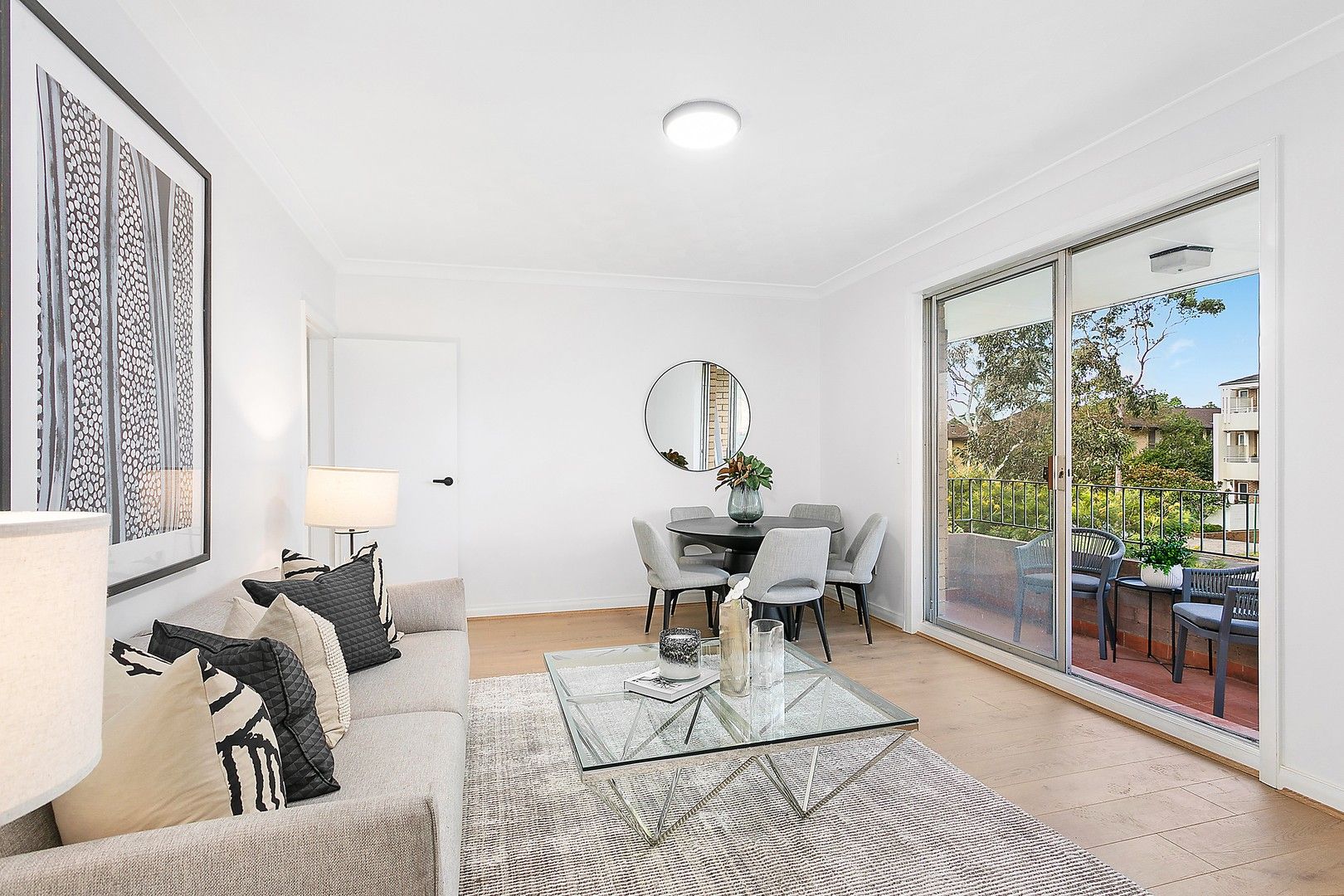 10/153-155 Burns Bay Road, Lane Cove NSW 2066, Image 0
══════════
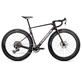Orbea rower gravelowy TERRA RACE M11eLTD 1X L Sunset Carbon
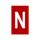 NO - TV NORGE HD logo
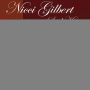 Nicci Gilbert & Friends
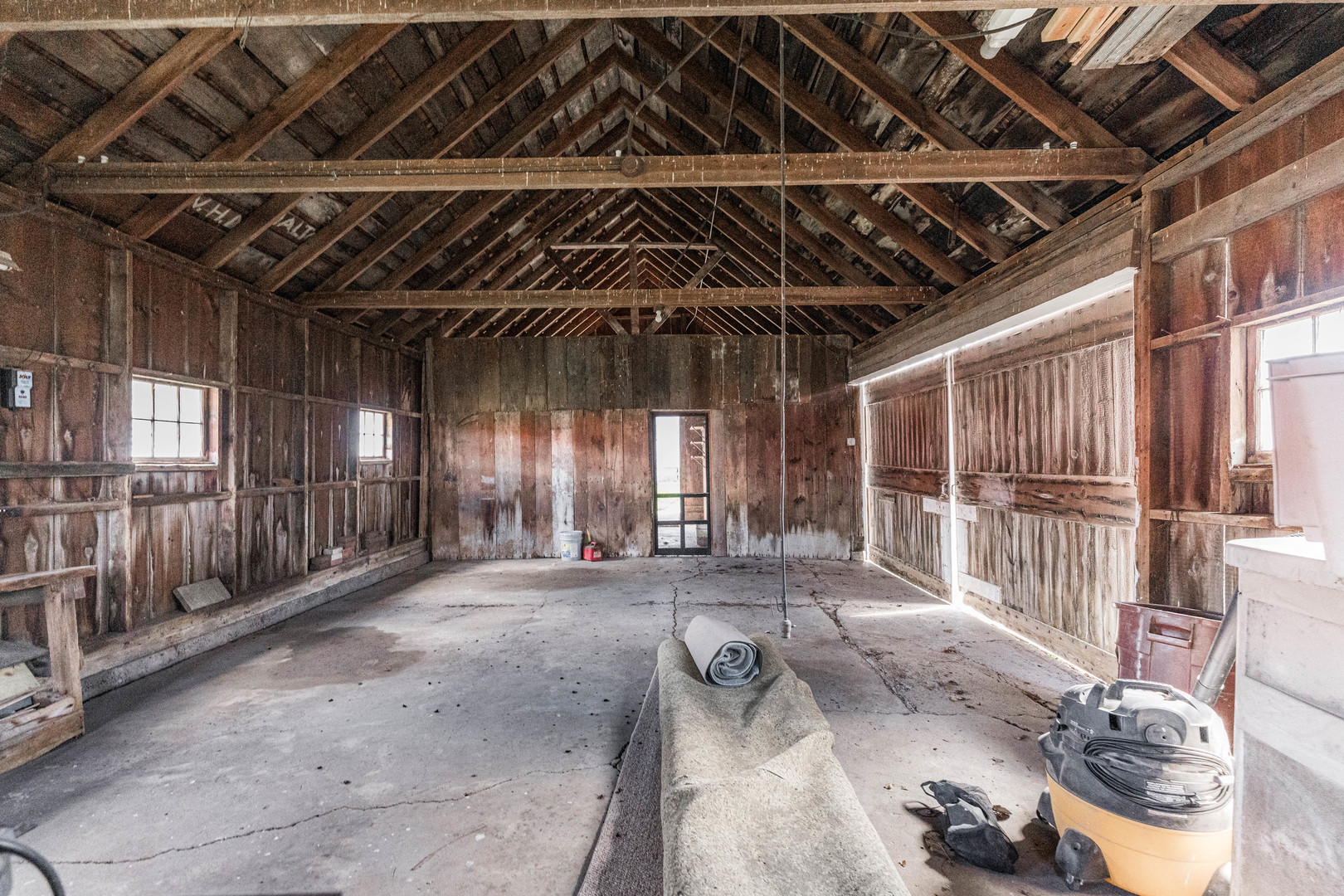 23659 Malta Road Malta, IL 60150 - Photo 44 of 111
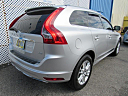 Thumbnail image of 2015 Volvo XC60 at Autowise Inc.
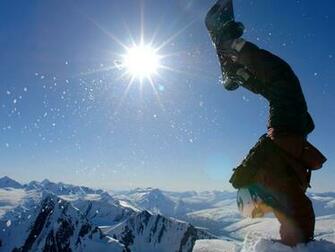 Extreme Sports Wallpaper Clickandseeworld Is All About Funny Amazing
══════════
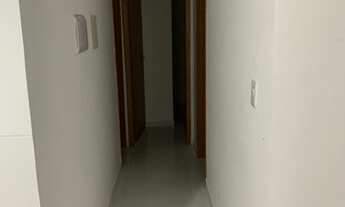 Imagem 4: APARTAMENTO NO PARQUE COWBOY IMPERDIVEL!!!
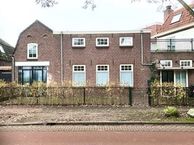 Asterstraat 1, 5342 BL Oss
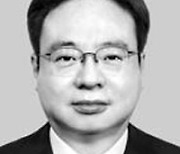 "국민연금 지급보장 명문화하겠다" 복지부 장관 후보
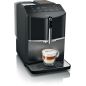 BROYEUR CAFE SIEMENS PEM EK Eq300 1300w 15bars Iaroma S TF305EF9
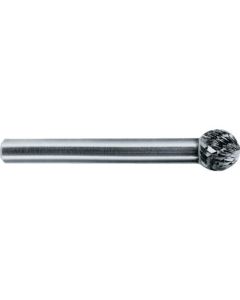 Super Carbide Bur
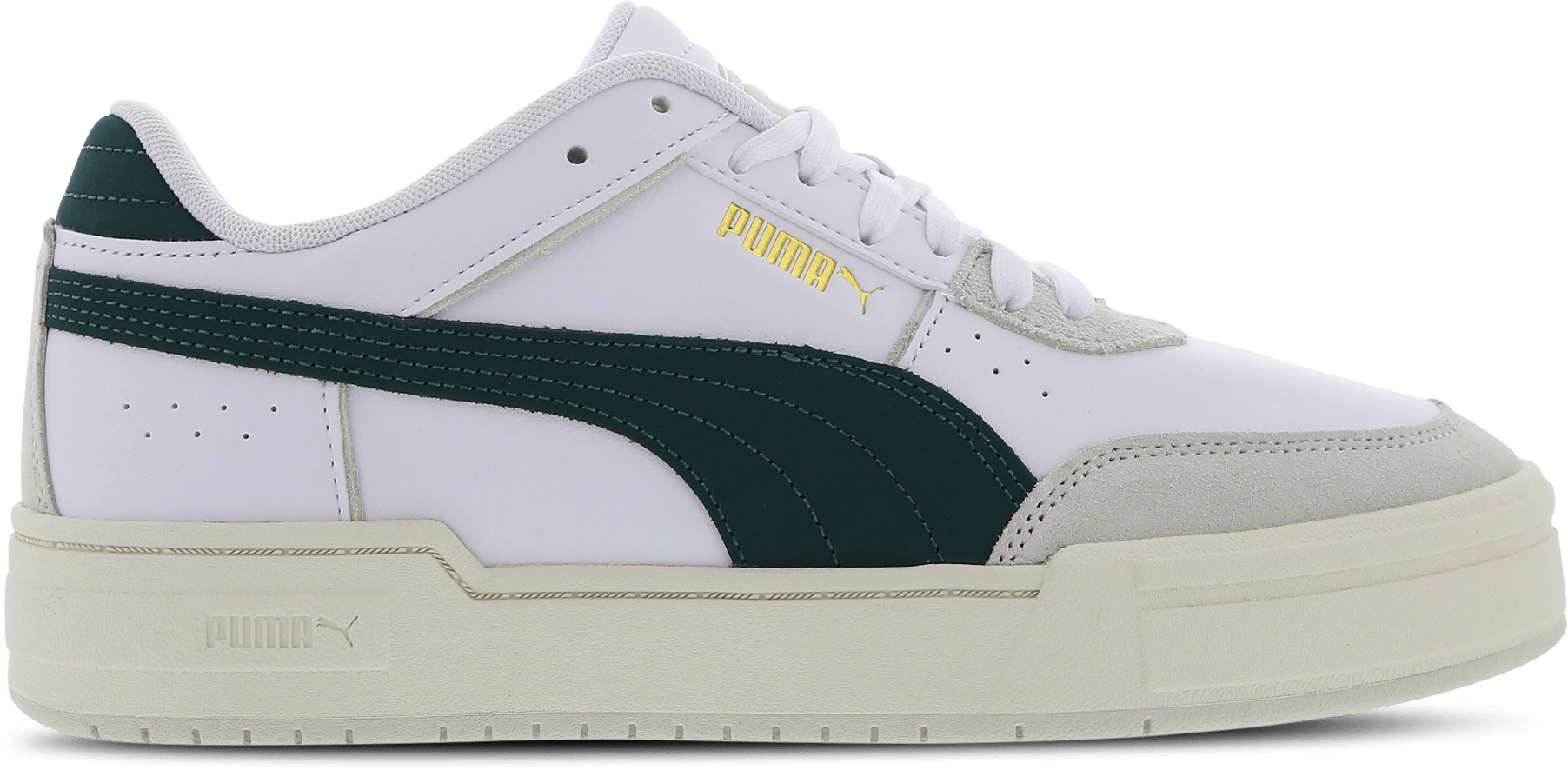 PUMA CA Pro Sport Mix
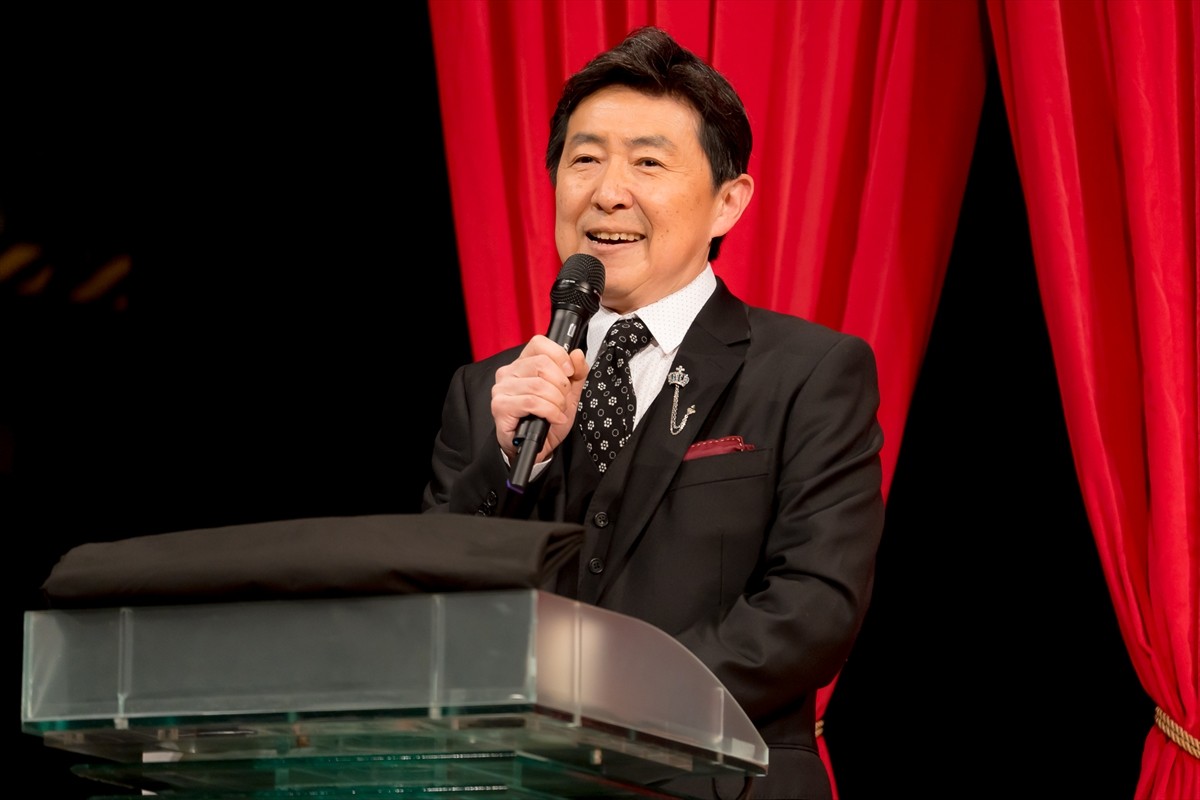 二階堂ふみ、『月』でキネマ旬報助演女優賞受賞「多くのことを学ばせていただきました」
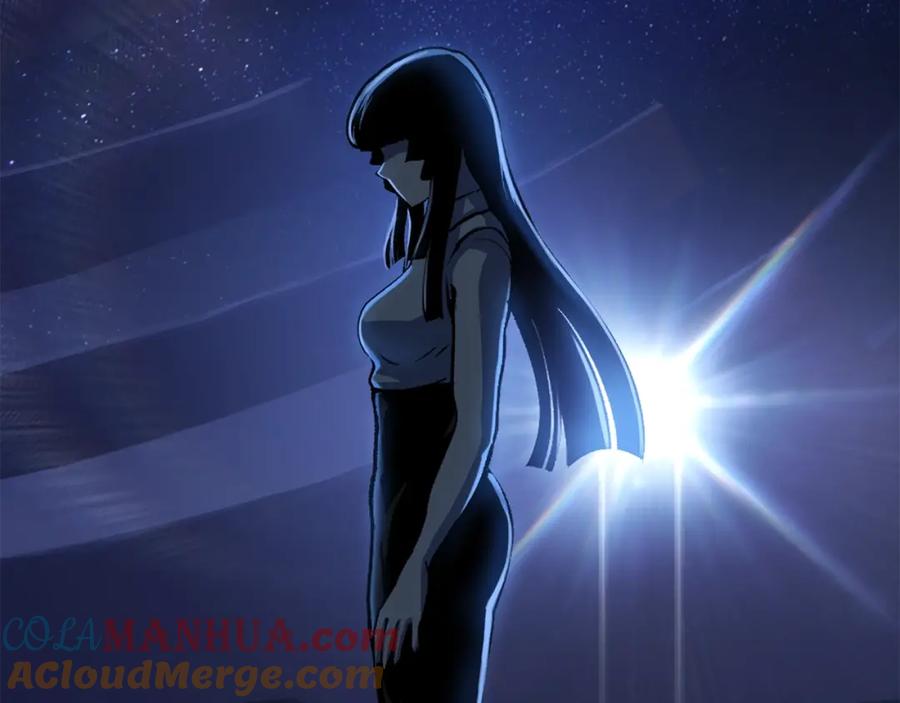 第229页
══════════
ASSIGNMENT:
Among the records above, locate the line containing "NO - TV NORGE HD logo" and the line containing "Extreme Sports Wallpaper", then transcribe exactly the lines starting at the first and ending at the second, with no pictures.

RESULT:
 NO - TV NORGE HD logo
 Nicci Gilbert & Friends
 23659 Malta Road Malta, IL 60150 - Photo 44 of 111
 Thumbnail image of 2015 Volvo XC60 at Autowise Inc.
 Extreme Sports Wallpaper Clickandseeworld Is All About Funny Amazing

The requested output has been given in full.